Quantification and identification workflow for MHC peptides
MHCquant: Identify and quantify peptides from mass spectrometry raw data
MHCquant is an analysis pipeline used for quantitative processing of data dependent (DDA) peptidomics data.
It was specifically designed to analyze immunopeptidomics data, which deals with the analysis of affinity-purified, unspecifically cleaved peptides that have recently been discussed intensively in the context of cancer vaccines. (https://www.nature.com/articles/ncomms13404)
The workflow is based on the OpenMS C++ framework for computational mass spectrometry. RAW files (mzML) serve as inputs and a database search (Comet) is performed based on a given input protein database. FDR rescoring is applied using Percolator 3.0 based on a competitive target-decoy approach (reversed decoys). Moreover, binding predictions on specified alleles (alleles.tsv) using various binding prediction tools can be directly run on all matched PSMs to directly annotate MHC binders and non-binders and calculate a refined FDR on a subset of PSMs leading to higher identification rates. For label-free quantification all input files undergo identification based retention time alignment (MapAlignerIdentification), and targeted feature extraction matching ids between runs (FeatureFinderIdentification). In addition, a variant calling file (vcf) can be specified to translate variants into proteins that will be included in the database search.
NASE is now included in OpenMS release, 2.5 or later.
Requirements:
HCD (or ETD) data of RNA oligonucleotides acquired on a high-resolution mass spectrometer
Fragment spectra (MS/MS) need to be centroided (either on acquisition, conversion, or in a workflow using the TOPP tool PeakPickerHiRes)
Developed and tested on Linux (Ubuntu 18.04 and 18.10) systems with data from orbitrap instruments
Operating system: OpenMS installers have been tested on Ubuntu Linux 18.04, Windows 7/8/10, and macOS 10.12-10.14. If you experience any troubles don’t hesitate to contact the OpenMS team or open an issue in the OpenMS GitHub repository.
Publication:
Wein, S., Andrews, B., Sachsenberg, T. et al.

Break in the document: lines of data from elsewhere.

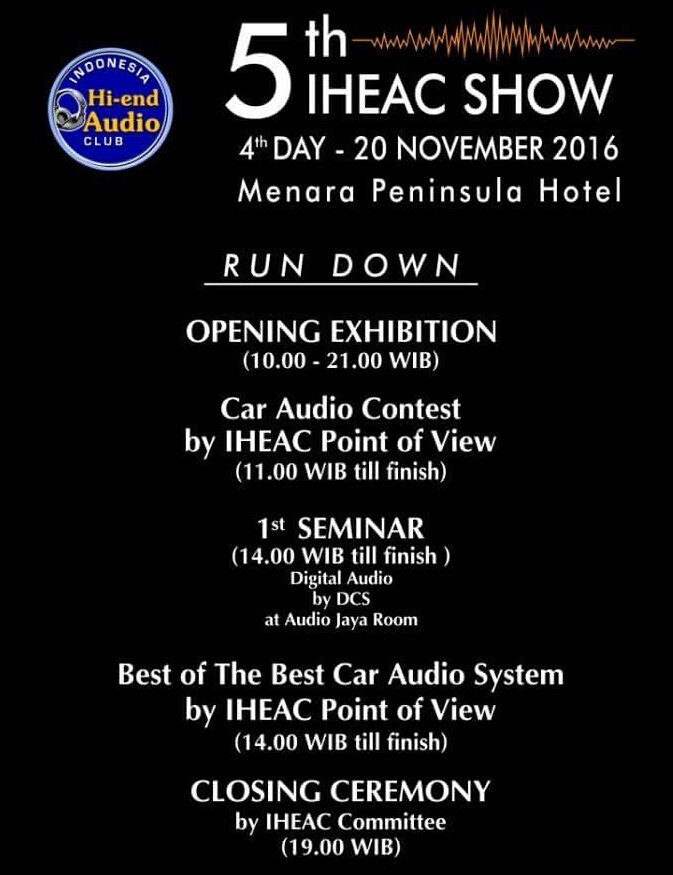 IHEAC_ID's tweet image. Run Down Hari Terakhir #IHEACshow2016  

Jangan sampe ketinggalan Audiophilers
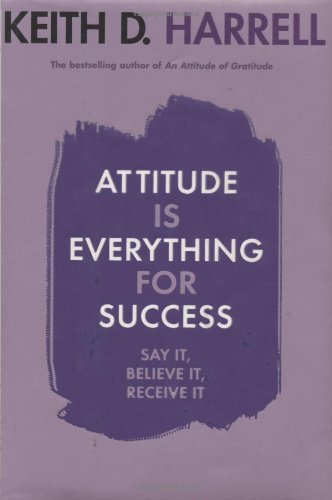 Attitude Is Everything for Success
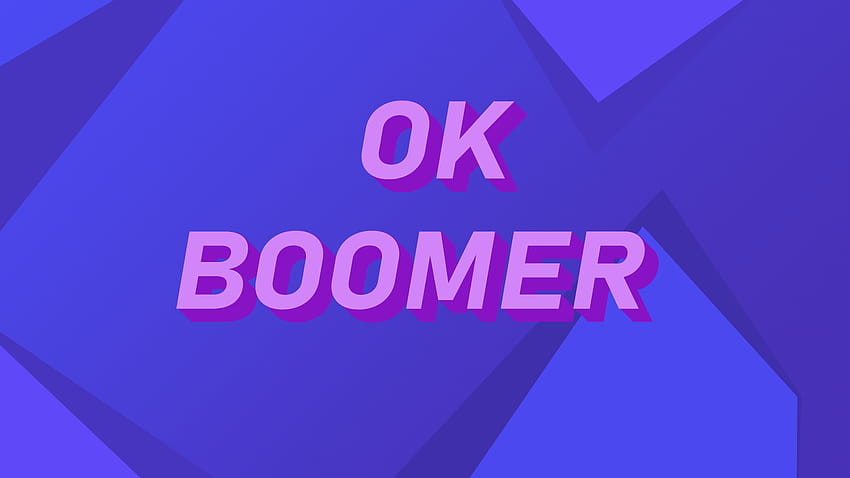 ok boomer [1920x1080] : Offensive_ HD wallpaper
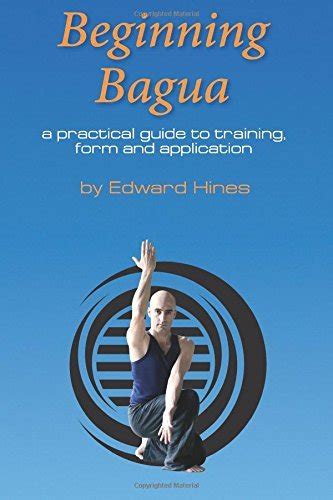 beginning bagua a practical guide to training form and application PDF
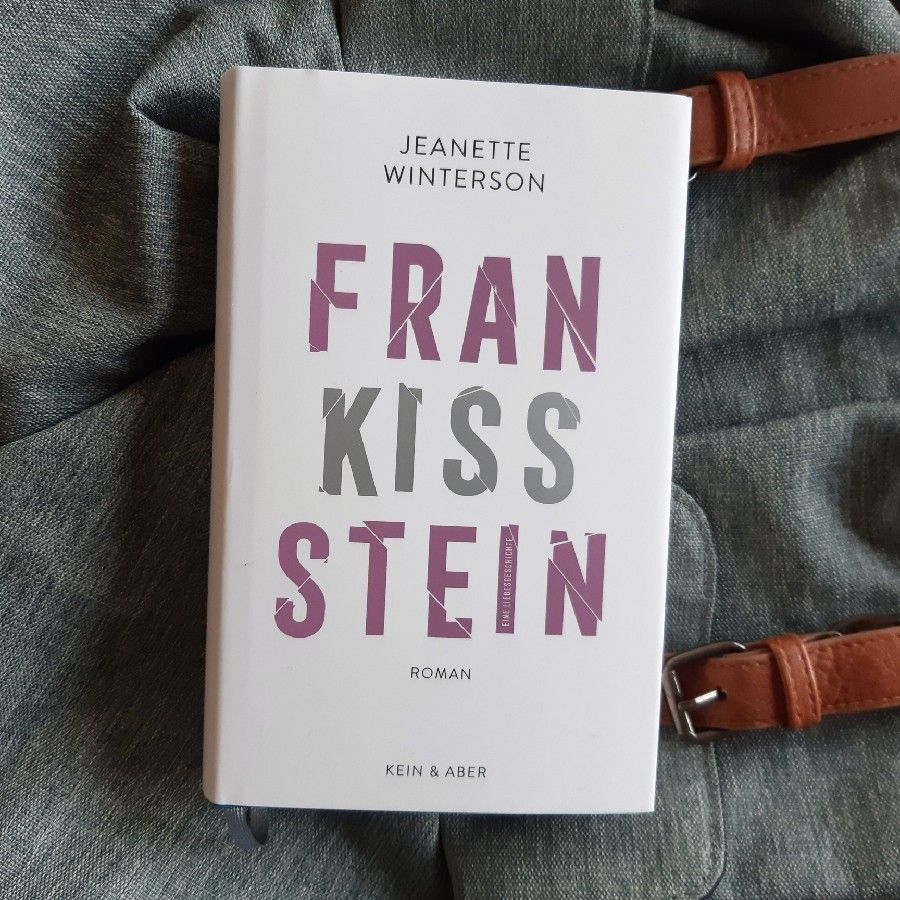 Der postmoderne Prometheus – „Frankissstein“ von Jeanette&nbsp;Winterson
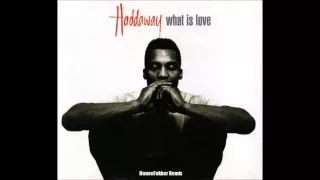 Haddaway   What Is Love  HouseFokkers Remix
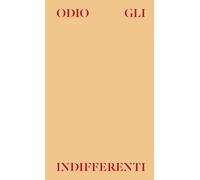 Odio Gli Indifferenti. Ediz. Illustrata - 2020 - Produzioni Nero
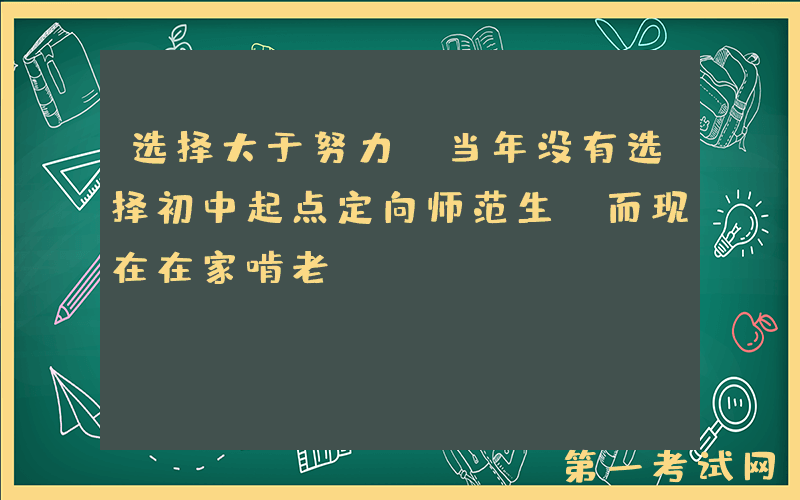 选择大于努力！当年没有选择初中起点定向师范生，而现在在家啃老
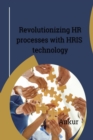 Image for Revolutionizing HR processes with HRIS technology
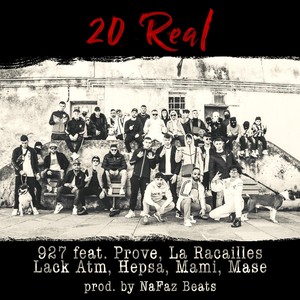 20 Real (feat. Prove, La Racailles, Lack Atm, Hepsa, Mami & Mase) [Explicit]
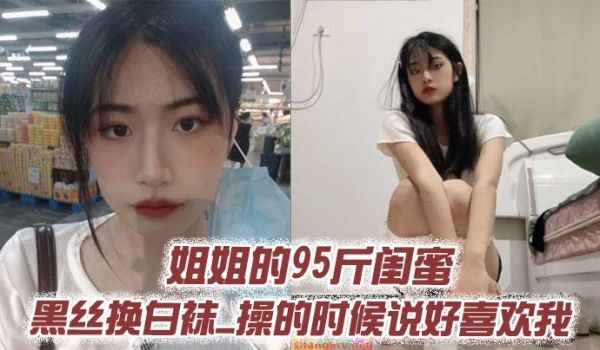 姐姐的95斤闺蜜_黑丝换白袜_操的时候说好喜欢我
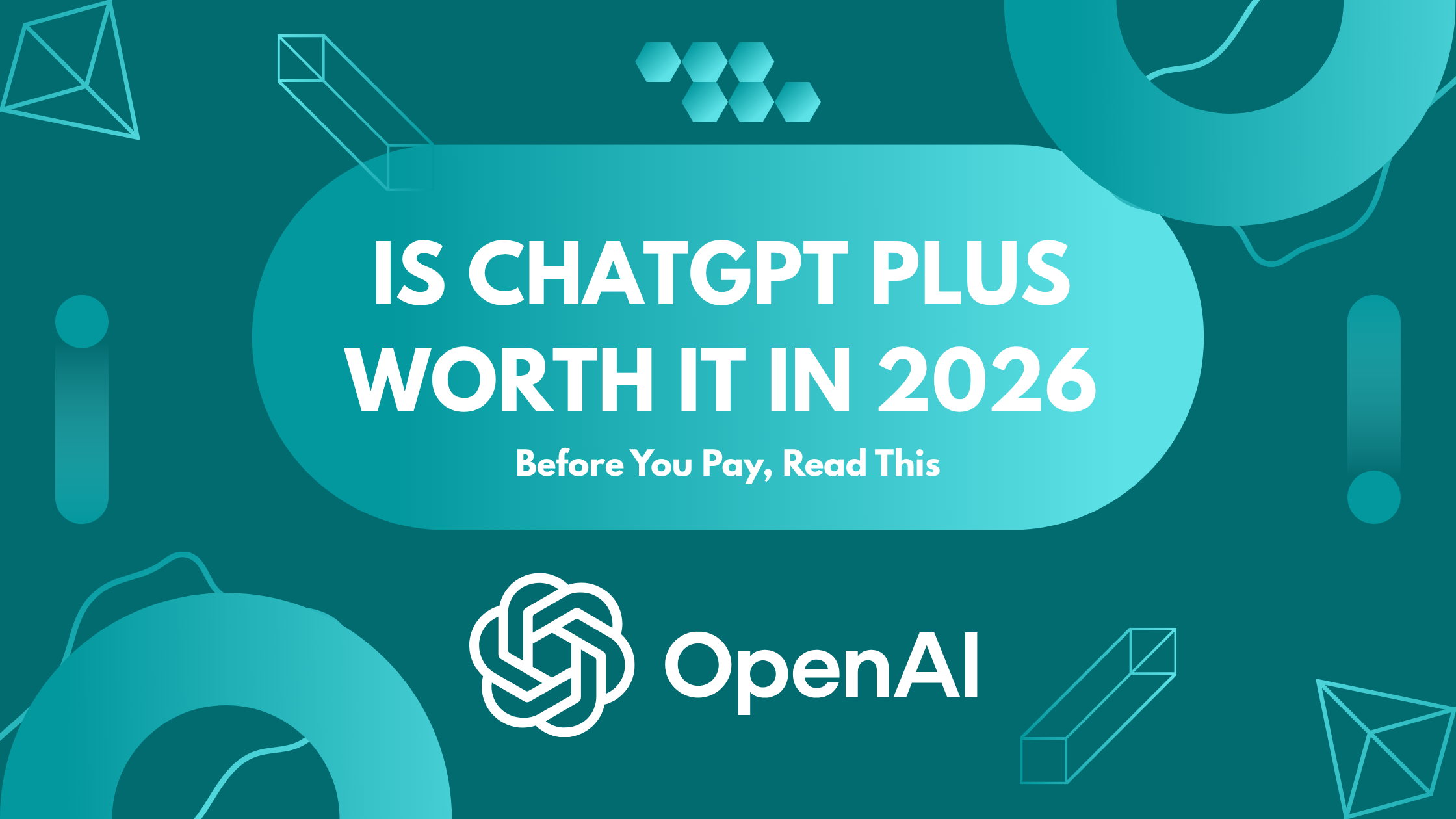 Is ChatGPT Plus Worth It In 2026: Before You Pay, Read This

A computational platform for high-throughput analysis of RNA sequences and modifications by mass spectrometry. Nat Commun 11, 926 (2020). https://doi.org/10.1038/s41467-020-14665-7
NuXL is a novel tool for protein-RNA and DNA cross-linking studies. It is available as a
stand-alone tool and as a Proteome Discoverer community node or as a web application that doesn’t require you to install additional software. This guide outlines the steps to install NuXL, set up your analysis, and interpret your data using the provided tools and workflows.
Requirements:
HCD data acquired on a high-resolution MS
Developed and tested on orbitrap instruments (including Velos, Lumos, and Astral)
Installation for Proteome Discoverer
NuXL is currently compatible with Proteome Discoverer 3.0 and 3.1.
OpenPepXL: an open source peptide cross-link identification tool
OpenPepXL is a protein-protein cross-link identification tool implemented in C++ as part of OpenMS. It works with all uncleavable labeled and label-free cross-linkers but not (yet) with cleavable ones.
Requirements
The current version of OpenPepXL, version 1.1 is available as part of OpenMS 2.5. Installers for Windows, MacOS and Linux can be found here. OpenPepXL can be used effectively on a desktop computer with 16BG of memory.